* **WHAT YOU SHOULD DO**:
Your answer must consist solely of the line containing "Funny Cat Origami" and each line after it through the end of the data, copied exactly.
(PROVIDED RECORDS Opens)
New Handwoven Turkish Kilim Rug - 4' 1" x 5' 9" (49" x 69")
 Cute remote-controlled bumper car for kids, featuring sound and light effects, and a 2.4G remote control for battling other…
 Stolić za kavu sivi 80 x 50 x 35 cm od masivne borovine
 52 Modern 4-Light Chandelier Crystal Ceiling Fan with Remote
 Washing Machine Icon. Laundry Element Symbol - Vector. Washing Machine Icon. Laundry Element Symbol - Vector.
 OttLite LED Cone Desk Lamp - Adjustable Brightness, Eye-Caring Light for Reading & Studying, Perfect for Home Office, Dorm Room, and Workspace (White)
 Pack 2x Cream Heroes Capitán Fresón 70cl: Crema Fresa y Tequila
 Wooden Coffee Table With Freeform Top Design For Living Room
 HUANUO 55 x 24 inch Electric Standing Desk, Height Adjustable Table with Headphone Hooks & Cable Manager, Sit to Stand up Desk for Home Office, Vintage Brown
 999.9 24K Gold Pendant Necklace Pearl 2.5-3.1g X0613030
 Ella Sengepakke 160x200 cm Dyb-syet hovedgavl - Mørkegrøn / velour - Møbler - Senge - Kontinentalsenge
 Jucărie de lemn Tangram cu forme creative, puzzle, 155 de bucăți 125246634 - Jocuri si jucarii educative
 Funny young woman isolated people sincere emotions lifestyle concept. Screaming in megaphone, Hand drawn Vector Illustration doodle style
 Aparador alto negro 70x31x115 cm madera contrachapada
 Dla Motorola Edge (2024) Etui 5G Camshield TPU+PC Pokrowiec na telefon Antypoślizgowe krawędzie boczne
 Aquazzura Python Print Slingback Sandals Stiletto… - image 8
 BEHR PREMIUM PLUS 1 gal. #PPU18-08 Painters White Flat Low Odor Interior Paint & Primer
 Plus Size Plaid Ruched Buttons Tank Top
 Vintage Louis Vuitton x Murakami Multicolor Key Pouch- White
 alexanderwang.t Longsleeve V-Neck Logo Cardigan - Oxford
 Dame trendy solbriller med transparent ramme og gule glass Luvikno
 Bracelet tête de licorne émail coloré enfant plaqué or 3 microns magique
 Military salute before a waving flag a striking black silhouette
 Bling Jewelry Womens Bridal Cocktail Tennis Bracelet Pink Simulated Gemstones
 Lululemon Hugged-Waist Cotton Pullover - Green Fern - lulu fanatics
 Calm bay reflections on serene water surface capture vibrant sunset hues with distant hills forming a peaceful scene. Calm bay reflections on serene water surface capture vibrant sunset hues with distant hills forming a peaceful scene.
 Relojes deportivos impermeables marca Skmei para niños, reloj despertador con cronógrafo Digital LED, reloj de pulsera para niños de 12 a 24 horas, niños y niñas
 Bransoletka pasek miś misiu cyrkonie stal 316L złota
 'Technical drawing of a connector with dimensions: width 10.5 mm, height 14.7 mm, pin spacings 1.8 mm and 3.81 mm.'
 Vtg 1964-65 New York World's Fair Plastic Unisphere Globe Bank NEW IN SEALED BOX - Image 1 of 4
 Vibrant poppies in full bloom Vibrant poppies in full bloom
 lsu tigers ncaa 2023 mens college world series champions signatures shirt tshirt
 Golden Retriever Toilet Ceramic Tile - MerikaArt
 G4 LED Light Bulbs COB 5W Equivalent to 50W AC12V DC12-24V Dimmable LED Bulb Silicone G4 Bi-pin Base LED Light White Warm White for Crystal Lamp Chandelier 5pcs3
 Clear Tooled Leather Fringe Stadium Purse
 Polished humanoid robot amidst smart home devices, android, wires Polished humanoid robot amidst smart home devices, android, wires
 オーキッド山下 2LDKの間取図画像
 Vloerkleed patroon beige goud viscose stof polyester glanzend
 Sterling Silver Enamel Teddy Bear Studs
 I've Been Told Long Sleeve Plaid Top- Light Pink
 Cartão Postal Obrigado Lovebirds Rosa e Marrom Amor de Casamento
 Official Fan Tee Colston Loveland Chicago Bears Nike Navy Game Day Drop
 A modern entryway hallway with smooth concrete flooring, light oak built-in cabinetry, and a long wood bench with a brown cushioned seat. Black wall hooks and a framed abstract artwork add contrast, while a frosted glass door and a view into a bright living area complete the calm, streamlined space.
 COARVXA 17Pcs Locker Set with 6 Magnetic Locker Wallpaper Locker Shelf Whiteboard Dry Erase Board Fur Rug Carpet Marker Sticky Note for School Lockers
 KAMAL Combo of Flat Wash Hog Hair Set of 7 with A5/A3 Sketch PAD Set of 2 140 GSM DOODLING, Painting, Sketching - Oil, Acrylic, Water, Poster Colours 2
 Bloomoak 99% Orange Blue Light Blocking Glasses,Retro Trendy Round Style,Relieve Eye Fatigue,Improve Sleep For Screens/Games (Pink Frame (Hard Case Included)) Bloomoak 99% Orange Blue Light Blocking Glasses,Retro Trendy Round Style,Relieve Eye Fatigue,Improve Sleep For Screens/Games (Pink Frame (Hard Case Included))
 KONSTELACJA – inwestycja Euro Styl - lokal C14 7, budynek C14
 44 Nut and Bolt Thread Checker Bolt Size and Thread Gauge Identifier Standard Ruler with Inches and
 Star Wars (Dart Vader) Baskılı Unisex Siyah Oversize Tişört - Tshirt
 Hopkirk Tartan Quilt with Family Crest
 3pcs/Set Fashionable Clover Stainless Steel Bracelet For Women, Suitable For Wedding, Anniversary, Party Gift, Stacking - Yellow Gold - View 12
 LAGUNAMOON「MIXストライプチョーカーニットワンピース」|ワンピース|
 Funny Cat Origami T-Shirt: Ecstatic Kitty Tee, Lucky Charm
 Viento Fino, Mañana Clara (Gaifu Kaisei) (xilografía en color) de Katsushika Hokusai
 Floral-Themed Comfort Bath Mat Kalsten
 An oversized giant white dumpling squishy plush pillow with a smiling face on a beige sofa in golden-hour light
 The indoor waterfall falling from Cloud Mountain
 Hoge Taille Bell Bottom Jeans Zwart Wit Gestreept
(PROVIDED RECORDS Closes)
* **WRITTEN ANSWER**:
 Funny Cat Origami T-Shirt: Ecstatic Kitty Tee, Lucky Charm
 Viento Fino, Mañana Clara (Gaifu Kaisei) (xilografía en color) de Katsushika Hokusai
 Floral-Themed Comfort Bath Mat Kalsten
 An oversized giant white dumpling squishy plush pillow with a smiling face on a beige sofa in golden-hour light
 The indoor waterfall falling from Cloud Mountain
 Hoge Taille Bell Bottom Jeans Zwart Wit Gestreept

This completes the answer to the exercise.